(Records for this task begins)

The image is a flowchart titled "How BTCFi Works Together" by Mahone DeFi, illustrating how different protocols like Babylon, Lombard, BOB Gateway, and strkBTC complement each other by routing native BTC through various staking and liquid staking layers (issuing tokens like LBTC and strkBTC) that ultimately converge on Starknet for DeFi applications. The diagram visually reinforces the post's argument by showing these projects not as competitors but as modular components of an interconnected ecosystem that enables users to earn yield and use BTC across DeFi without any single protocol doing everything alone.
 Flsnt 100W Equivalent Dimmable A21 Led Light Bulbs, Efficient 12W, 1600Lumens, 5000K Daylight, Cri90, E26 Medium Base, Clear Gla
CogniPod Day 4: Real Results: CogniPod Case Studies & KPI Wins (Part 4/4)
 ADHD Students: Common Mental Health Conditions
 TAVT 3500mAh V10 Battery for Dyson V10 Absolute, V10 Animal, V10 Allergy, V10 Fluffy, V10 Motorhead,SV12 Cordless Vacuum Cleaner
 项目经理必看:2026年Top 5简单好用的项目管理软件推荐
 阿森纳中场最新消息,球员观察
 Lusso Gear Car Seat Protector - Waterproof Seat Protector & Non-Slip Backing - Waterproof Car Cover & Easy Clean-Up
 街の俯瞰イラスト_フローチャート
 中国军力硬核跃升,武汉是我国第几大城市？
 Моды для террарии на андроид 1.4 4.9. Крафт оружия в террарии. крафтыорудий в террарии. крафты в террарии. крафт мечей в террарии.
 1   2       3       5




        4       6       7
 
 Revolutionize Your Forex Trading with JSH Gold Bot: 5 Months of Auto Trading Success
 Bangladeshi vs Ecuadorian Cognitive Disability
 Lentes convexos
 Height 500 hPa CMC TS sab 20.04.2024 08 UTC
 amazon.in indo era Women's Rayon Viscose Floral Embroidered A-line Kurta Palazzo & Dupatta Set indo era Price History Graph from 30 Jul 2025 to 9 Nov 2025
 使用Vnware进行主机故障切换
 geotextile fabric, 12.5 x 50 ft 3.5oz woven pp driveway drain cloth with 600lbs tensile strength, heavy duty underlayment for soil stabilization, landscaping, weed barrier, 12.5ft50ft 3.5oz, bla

(Records for this task ends)

■ What you will do: The response has to contain every record shown above, unaltered and complete.

■ Result of the exercise:
The image is a flowchart titled "How BTCFi Works Together" by Mahone DeFi, illustrating how different protocols like Babylon, Lombard, BOB Gateway, and strkBTC complement each other by routing native BTC through various staking and liquid staking layers (issuing tokens like LBTC and strkBTC) that ultimately converge on Starknet for DeFi applications. The diagram visually reinforces the post's argument by showing these projects not as competitors but as modular components of an interconnected ecosystem that enables users to earn yield and use BTC across DeFi without any single protocol doing everything alone.
 Flsnt 100W Equivalent Dimmable A21 Led Light Bulbs, Efficient 12W, 1600Lumens, 5000K Daylight, Cri90, E26 Medium Base, Clear Gla
CogniPod Day 4: Real Results: CogniPod Case Studies & KPI Wins (Part 4/4)
 ADHD Students: Common Mental Health Conditions
 TAVT 3500mAh V10 Battery for Dyson V10 Absolute, V10 Animal, V10 Allergy, V10 Fluffy, V10 Motorhead,SV12 Cordless Vacuum Cleaner
 项目经理必看:2026年Top 5简单好用的项目管理软件推荐
 阿森纳中场最新消息,球员观察
 Lusso Gear Car Seat Protector - Waterproof Seat Protector & Non-Slip Backing - Waterproof Car Cover & Easy Clean-Up
 街の俯瞰イラスト_フローチャート
 中国军力硬核跃升,武汉是我国第几大城市？
 Моды для террарии на андроид 1.4 4.9. Крафт оружия в террарии. крафтыорудий в террарии. крафты в террарии. крафт мечей в террарии.
 1   2       3       5




        4       6       7
 
 Revolutionize Your Forex Trading with JSH Gold Bot: 5 Months of Auto Trading Success
 Bangladeshi vs Ecuadorian Cognitive Disability
 Lentes convexos
 Height 500 hPa CMC TS sab 20.04.2024 08 UTC
 amazon.in indo era Women's Rayon Viscose Floral Embroidered A-line Kurta Palazzo & Dupatta Set indo era Price History Graph from 30 Jul 2025 to 9 Nov 2025
 使用Vnware进行主机故障切换
 geotextile fabric, 12.5 x 50 ft 3.5oz woven pp driveway drain cloth with 600lbs tensile strength, heavy duty underlayment for soil stabilization, landscaping, weed barrier, 12.5ft50ft 3.5oz, bla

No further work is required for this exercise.